As a general rule though, when compiling and making. However, the program does not start for me from the menu entry and when I try running from terminal the output says "Illegal instruction", so not sure what is going on exactly. I think the petget program (PPM) does apply some hacks and edits as a matter of course during installation in an attempt to maximise compatibility within Puppy. desktop file has the "%u" argument removed. I just booted a fresh frugal of BionicPup32 and installed your. To create a Menu entry, see Mike Walsh's instructions here, viewtopic.php?t=3420 and with respect to wine my posts here, and here. I ran it under wine-portable discussed on that thread. This thread would be most useful with a 32-bit system, viewtopic.php?t=103.
Syncterm for linux install#
You can also drag the binary to the desktop to create a "short-cut" -Linux name symbolic link.īut to run the win32 version, you'd have to install or SFS-Load Wine. To start either version, just file browse to it (rox has a bookmarking tool) and left-click it. root/my-applications/bin is a convenient place to keep small applications.
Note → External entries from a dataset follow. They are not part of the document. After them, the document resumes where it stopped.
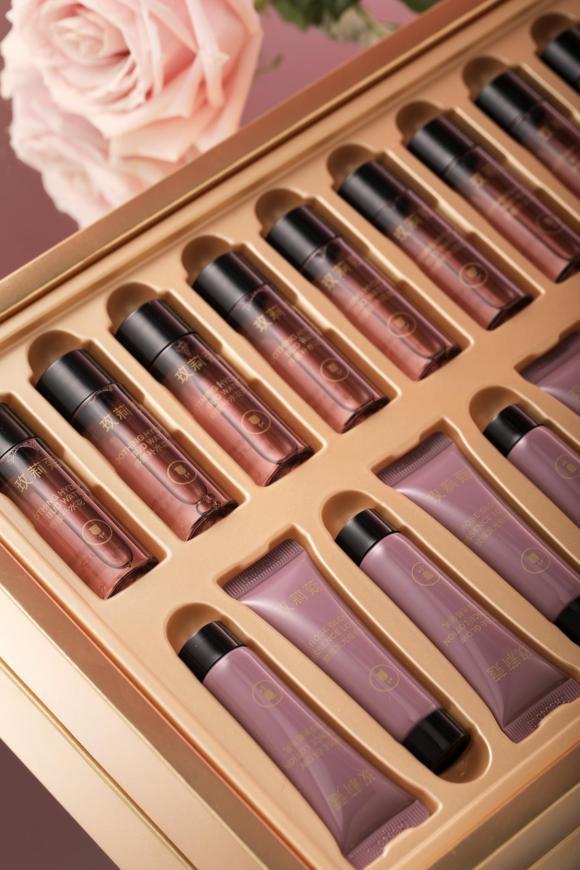 玫莉蔻发光水绷带套盒，以玫瑰深润，焕启肌肤水润光彩 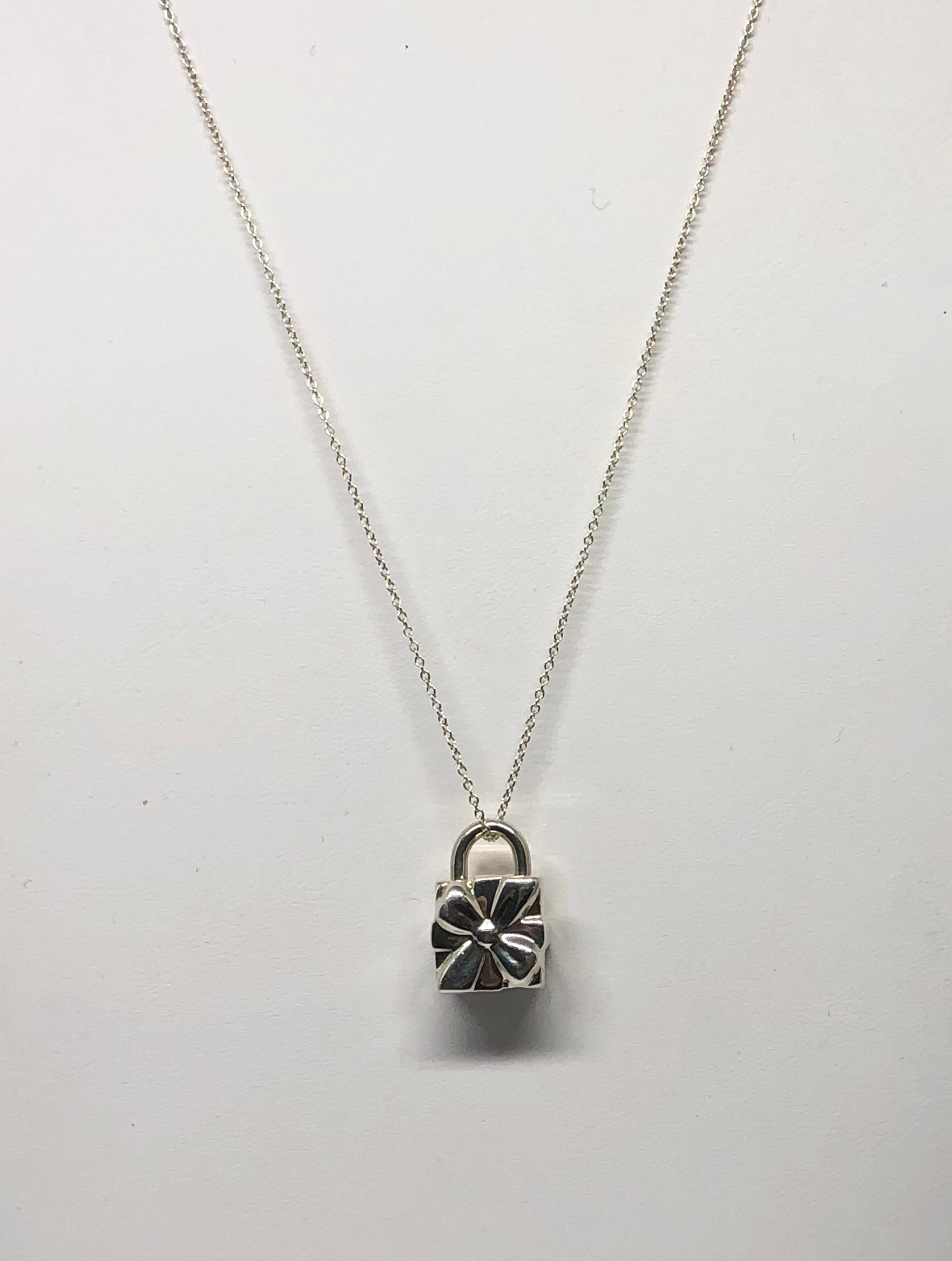 Tiffany & Co Sterling Silver Bow Box Present Charm Necklace 16.75" - Queen May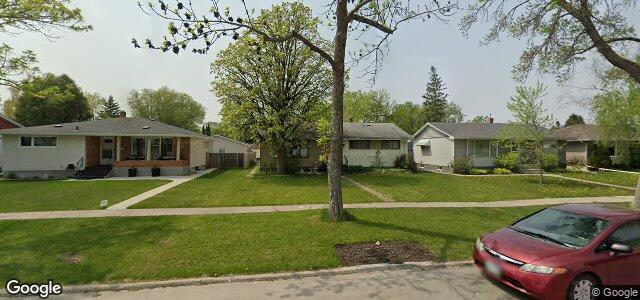 Photo of 869 Renfrew Street in Winnipeg, Manitoba
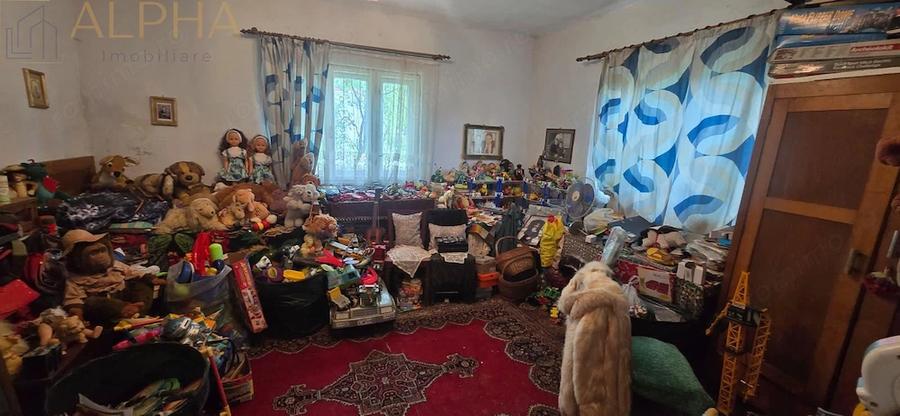 Casă cu 5 camere cu Teren 2320 Mp în Herina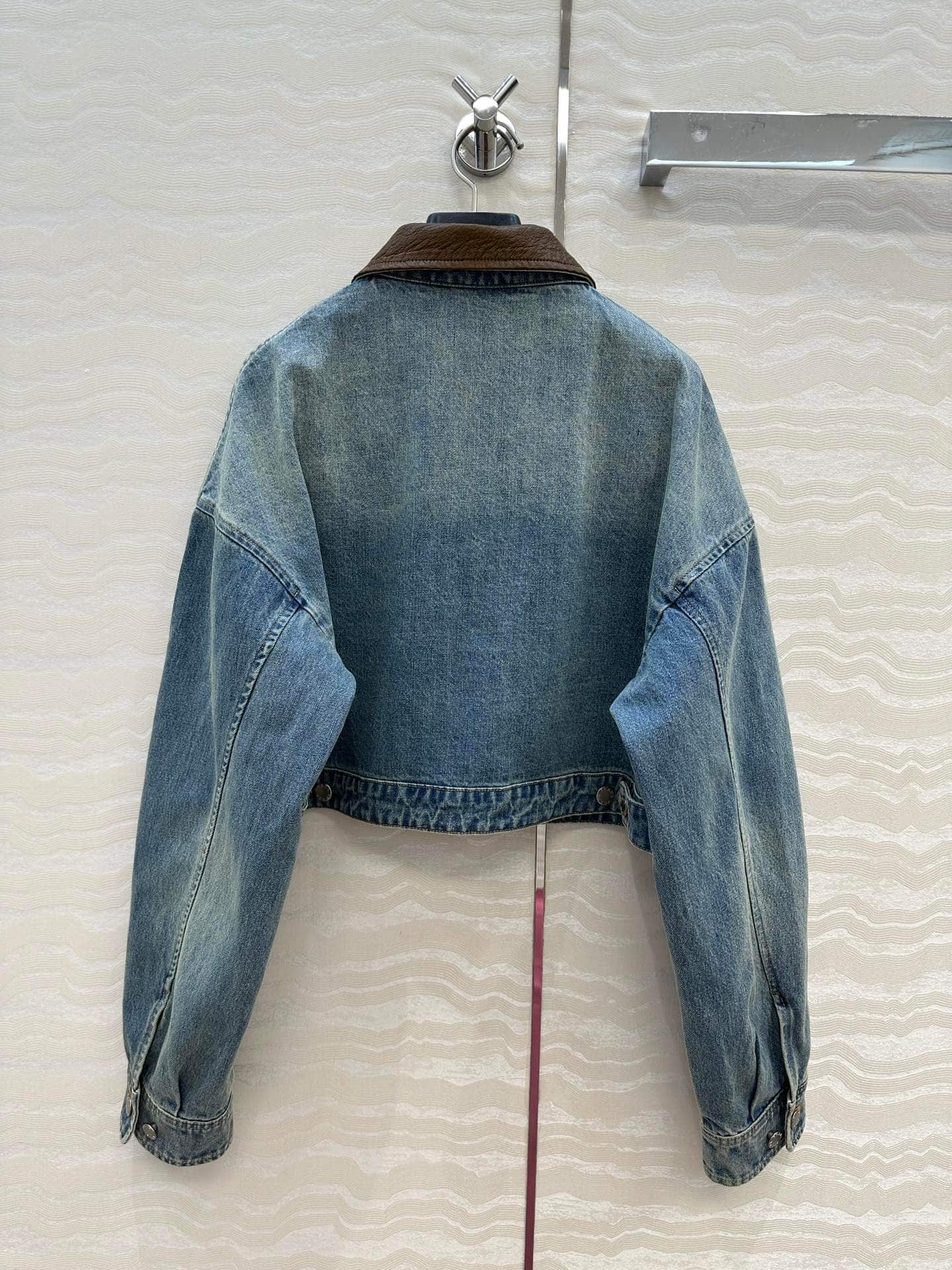 Prada: Veste, emblème triangulaire, poches, pièces métalliques, denim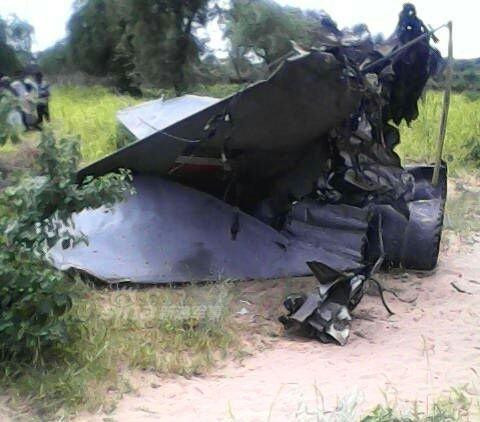 Chiếc máy bay MiG-21 đã bị phát nổ và cháy dữ dội, nhiều bộ phận bị thiêu hủy, chỉ còn lại một vài phần lớn như phần đuôi máy bay ở trong ảnh.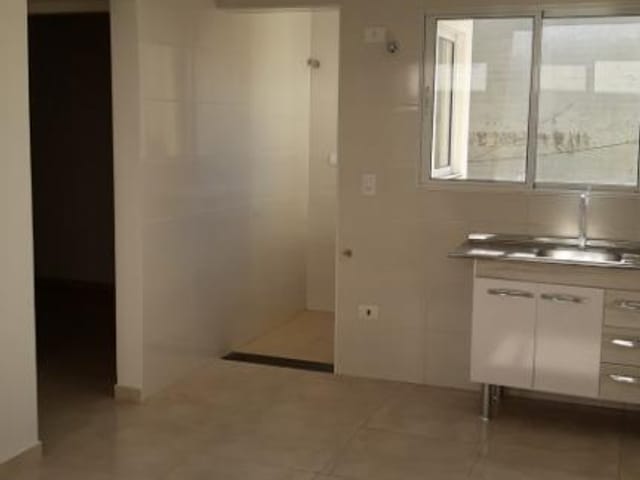 Apartamento 2 quartos e 1 banheiro, à venda ou para alugar, no bairro Vila Guilhermina em São Paulo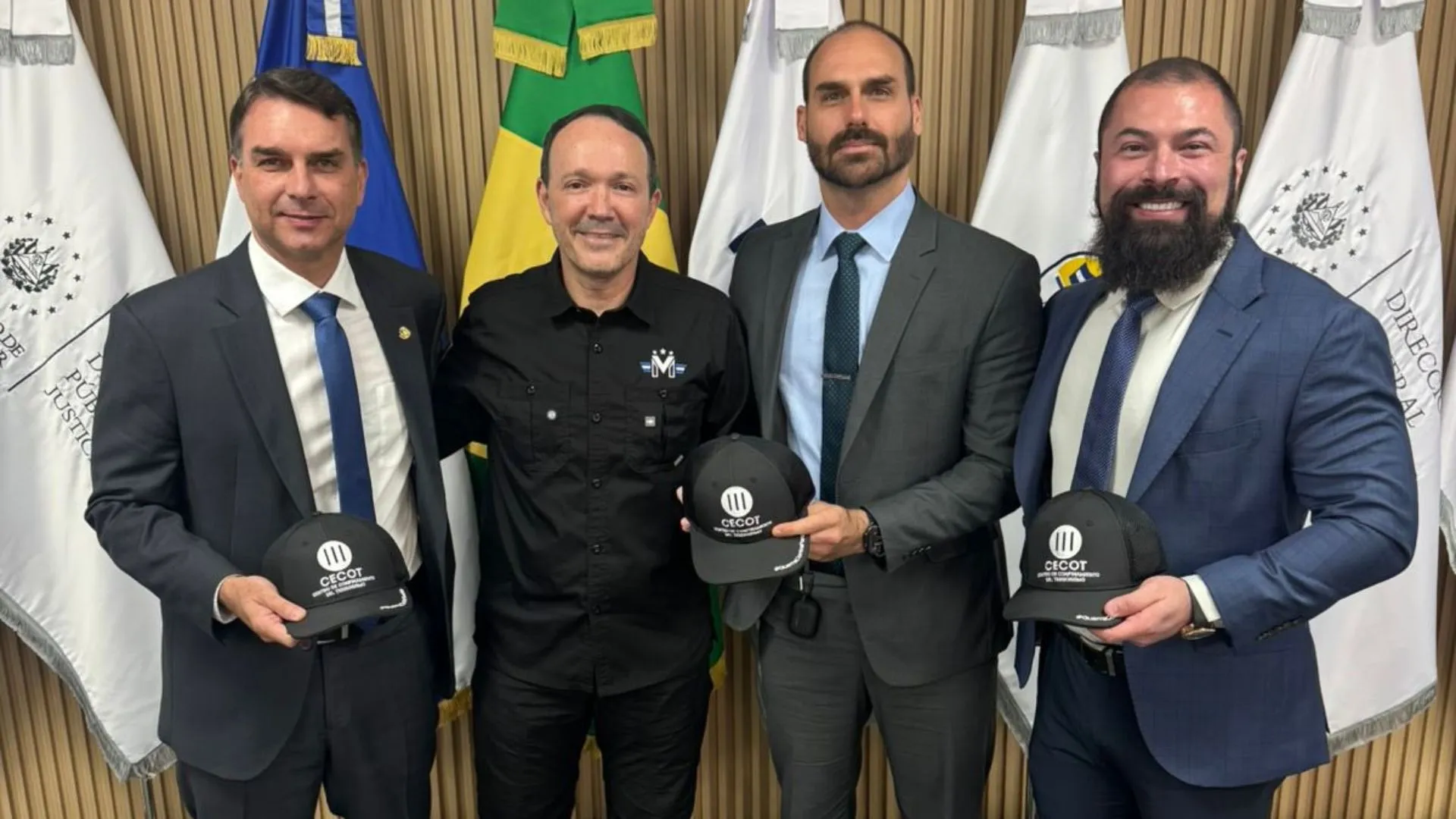 Flavio e Eduardo Bolsonaro com ministro de El Salvador
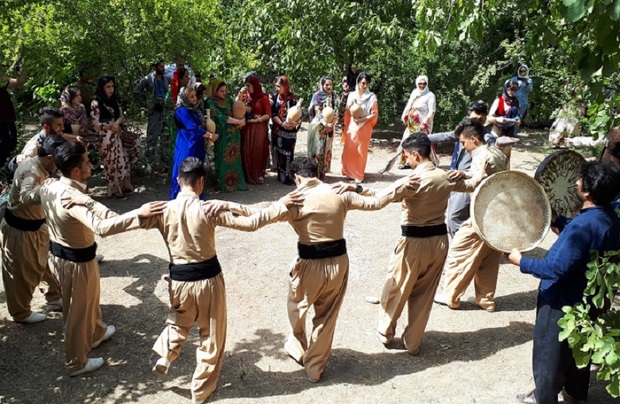 جشن چله تابستان در روستای زردویی برگزار شد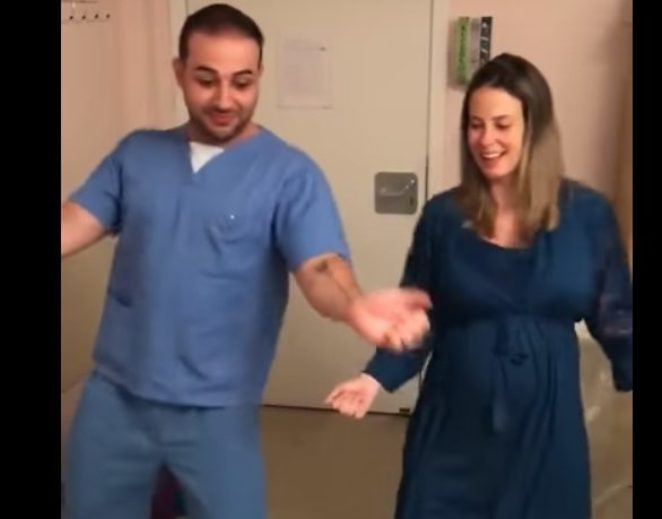 Родить весело и безболезненно: «танцующий врач» предлагает зажечь перед родами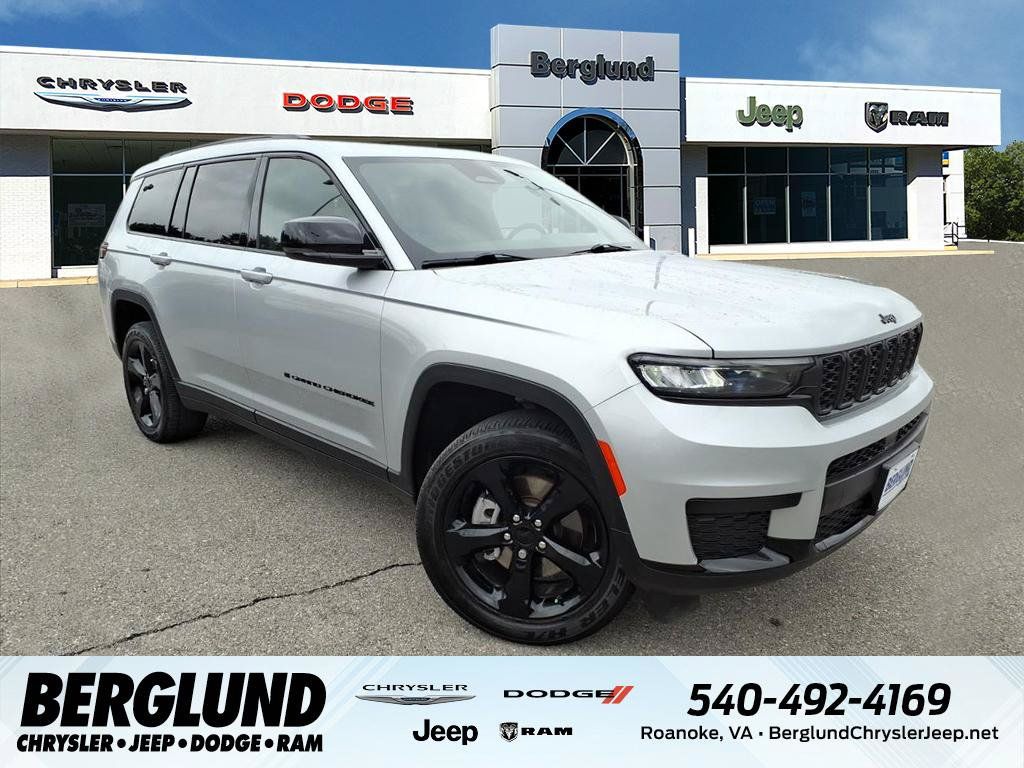 Used 2025 Jeep Grand Cherokee L Altitude AWD/4WD image 1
You can keep it anywhere and delete the rest of the folder. It consists of a 'self-contained' binary. win-portables.īut try MarisaG's version first. Left-Click that icon, then -in the window which opens- right-click an empty space and select New>Directory, and give it a name, e.g. mnt/home is the partition on which your bionic32 is located: as soon as you bootup it will have an 'x' in its desktop-icon just above the Taskbar. But if you're going to use a lot of portable Windows programs, I'd create a folder on /mnt/home. I'd move the folder to /opt or /root/my-applications/bin as this is a small program.

You can rename the folder to just 'syncterm': Right-click the folder and select "rename" from the pop-up menu. You'll need the entire win32 folder as it contains fonts and a dll. Bionicpup has Menu>Utilities>UExtract but you can just Right-Click the package and choose UExtract from the pop-up Menu. With either version, all you have to do is download the linked file and extract it. The same can't always be said of applications created under one of the many Linux operating systems. If it works under the creator's Windows it is likely to work under your Windows. There's only one Windows, but 'a thousand' different Linuxes. I'd only try the win32 version if something is lacking or there is a problem. I'd start with MarisaG's version first because it is a native linux application. This tool will allow you to create fonts for use with SyncTERM.SyncTerm - two versions.png (99.56 KiB) Viewed 220 times
Syncterm for linux serial#
Telnet, RLogin, SSH, RAW, modem, shell (*nix only) and direct serial connections.ANSI Music (through the sound card if installed).Support for IBM low and high ASCII including the face graphics (☺ and ☻) and card symbols (♥, ♦, ♣, and ♠) which so many other terms have problems with (may not work in curses mode.